• **RECORDED DATA**
+++
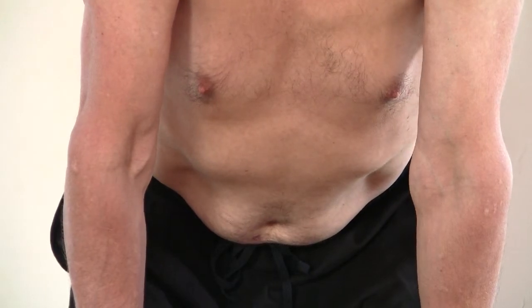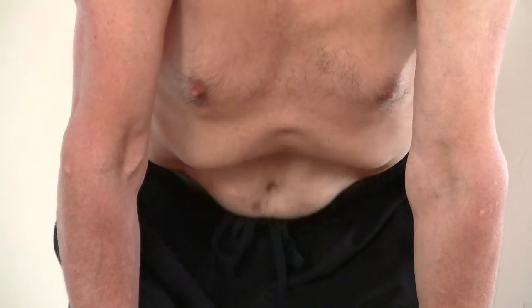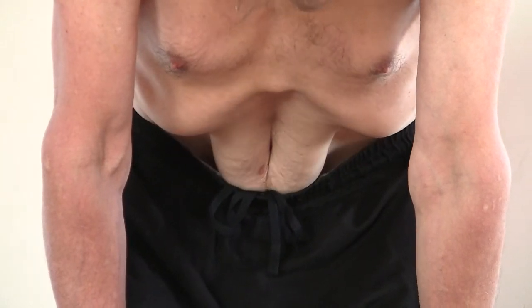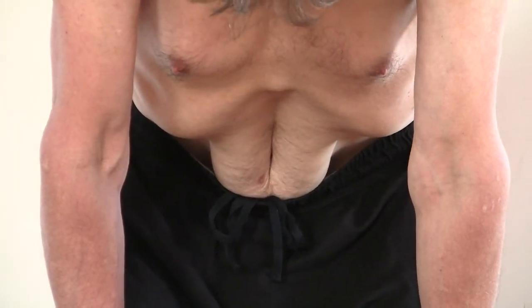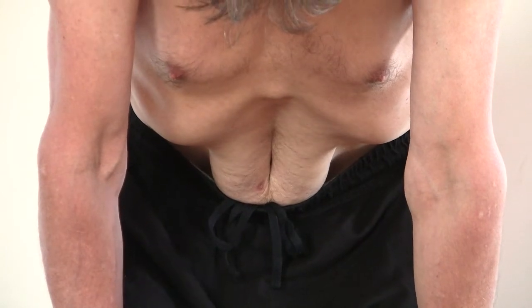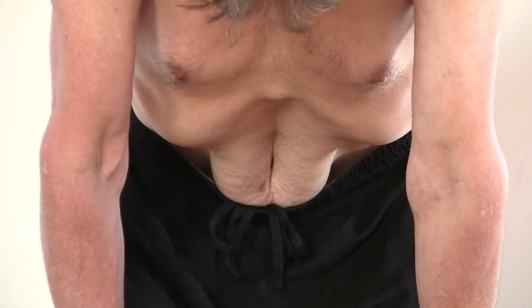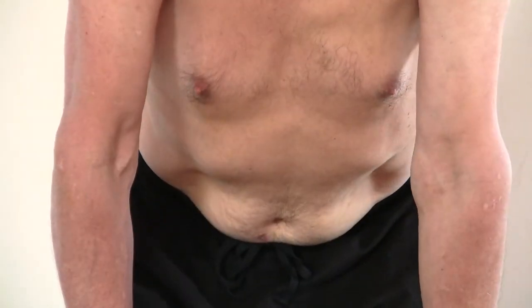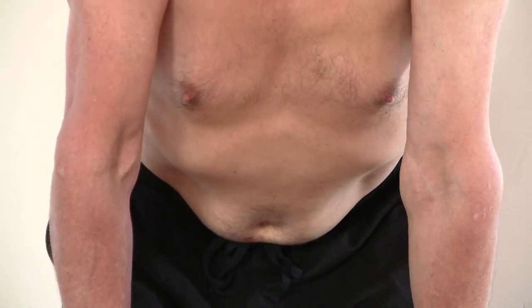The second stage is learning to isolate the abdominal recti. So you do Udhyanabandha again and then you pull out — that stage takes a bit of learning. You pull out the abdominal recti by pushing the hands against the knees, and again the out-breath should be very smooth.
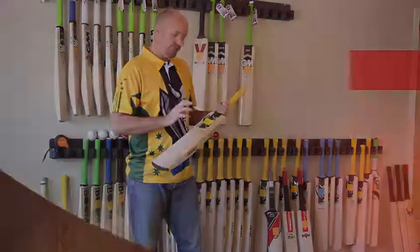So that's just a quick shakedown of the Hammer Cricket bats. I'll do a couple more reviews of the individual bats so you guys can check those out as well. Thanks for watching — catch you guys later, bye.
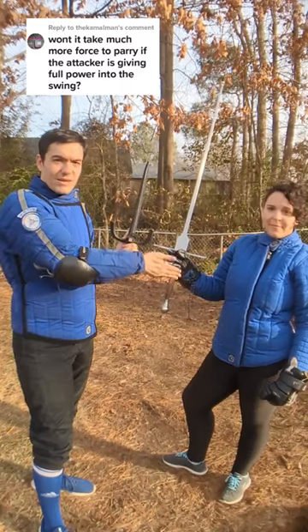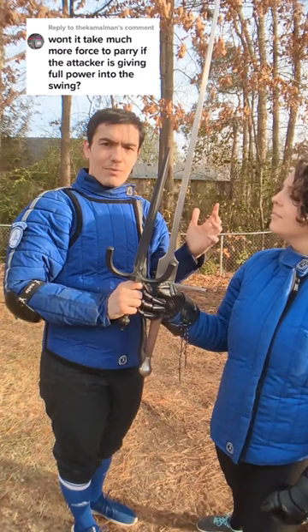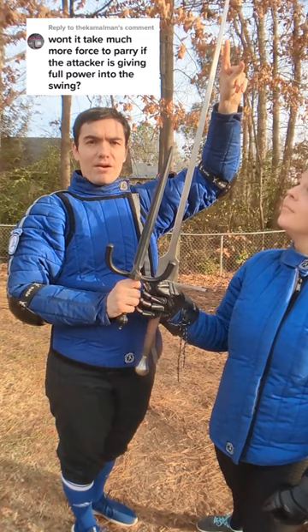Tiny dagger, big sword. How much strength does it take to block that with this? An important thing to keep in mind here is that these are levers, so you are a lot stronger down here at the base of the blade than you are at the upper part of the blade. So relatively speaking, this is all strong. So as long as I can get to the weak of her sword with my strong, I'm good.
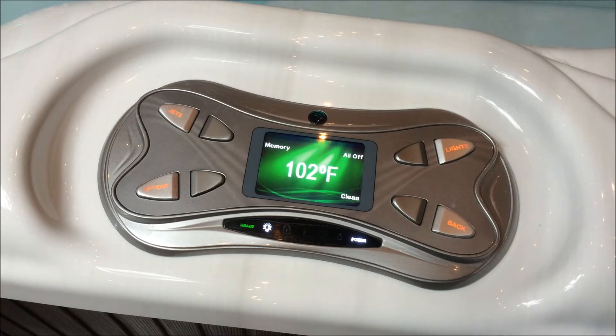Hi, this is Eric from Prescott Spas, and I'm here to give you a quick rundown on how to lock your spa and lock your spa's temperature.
+++
• **TASK BRIEF**
Set down the whole listing word for word, omitting the pictures.

• **ANSWER BOX**
The second stage is learning to isolate the abdominal recti. So you do Udhyanabandha again and then you pull out — that stage takes a bit of learning. You pull out the abdominal recti by pushing the hands against the knees, and again the out-breath should be very smooth.
So that's just a quick shakedown of the Hammer Cricket bats. I'll do a couple more reviews of the individual bats so you guys can check those out as well. Thanks for watching — catch you guys later, bye.
Tiny dagger, big sword. How much strength does it take to block that with this? An important thing to keep in mind here is that these are levers, so you are a lot stronger down here at the base of the blade than you are at the upper part of the blade. So relatively speaking, this is all strong. So as long as I can get to the weak of her sword with my strong, I'm good.
Hi, this is Eric from Prescott Spas, and I'm here to give you a quick rundown on how to lock your spa and lock your spa's temperature.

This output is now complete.